--- Available data ---

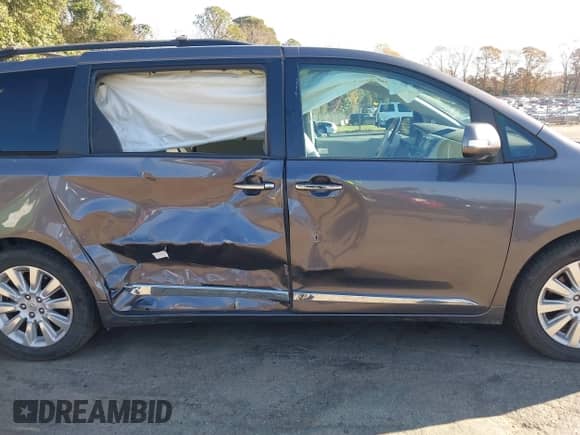 2013 Toyota Sienna XLE AAS with VIN 5TDYK3DC4DS338782, listed as a IAAI auction lot 40951306 with 149,428 mi miles and . Bid and sale history available at DreamBid. Image 13.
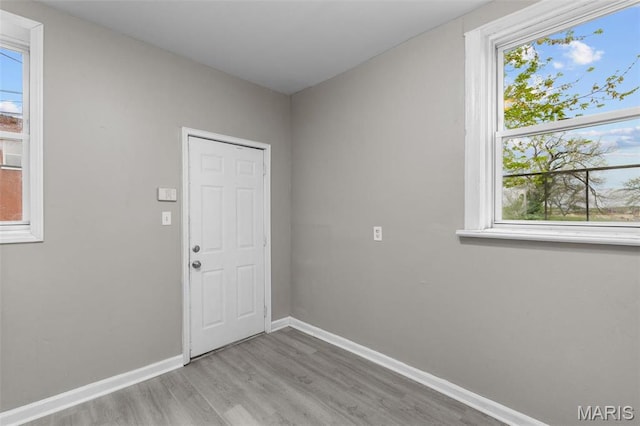 6040 Maple Ave, Saint Louis, MO 63112 - doorway with wood finished floors, healthy amount of natural light, and baseboards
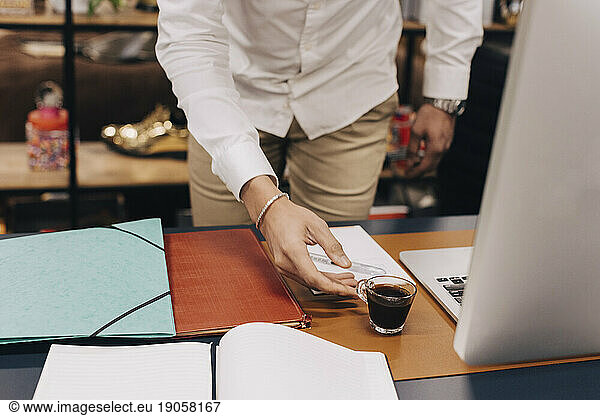 Midsection of businessman picking up coffee cup from desk in office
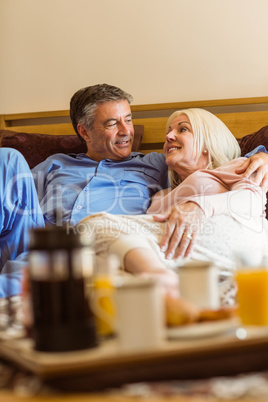 Happy mature couple having breakfast in bed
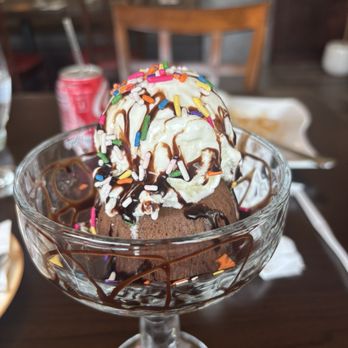 Monkey Thai Diner - Lava cake - A glass bowl contains chocolate ice cream topped with whipped cream, colorful sprinkles, and drizzled with chocolate syrup, set on a wooden table. - Thai Near Me - Clark, New Jersey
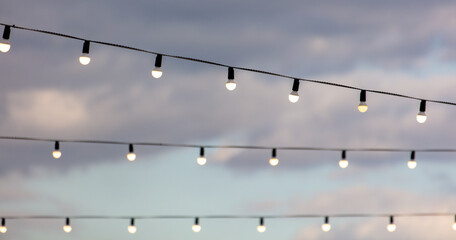 Festive light bulbs shine against the background of the sky with clouds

---

**Your objective**. Give every entry again verbatim, with no pictures.

**Answer to the problem**.
 2013 Toyota Sienna XLE AAS with VIN 5TDYK3DC4DS338782, listed as a IAAI auction lot 40951306 with 149,428 mi miles and . Bid and sale history available at DreamBid. Image 13.
 6040 Maple Ave, Saint Louis, MO 63112 - doorway with wood finished floors, healthy amount of natural light, and baseboards
 Midsection of businessman picking up coffee cup from desk in office
 Happy mature couple having breakfast in bed
 Monkey Thai Diner - Lava cake - A glass bowl contains chocolate ice cream topped with whipped cream, colorful sprinkles, and drizzled with chocolate syrup, set on a wooden table. - Thai Near Me - Clark, New Jersey
 Festive light bulbs shine against the background of the sky with clouds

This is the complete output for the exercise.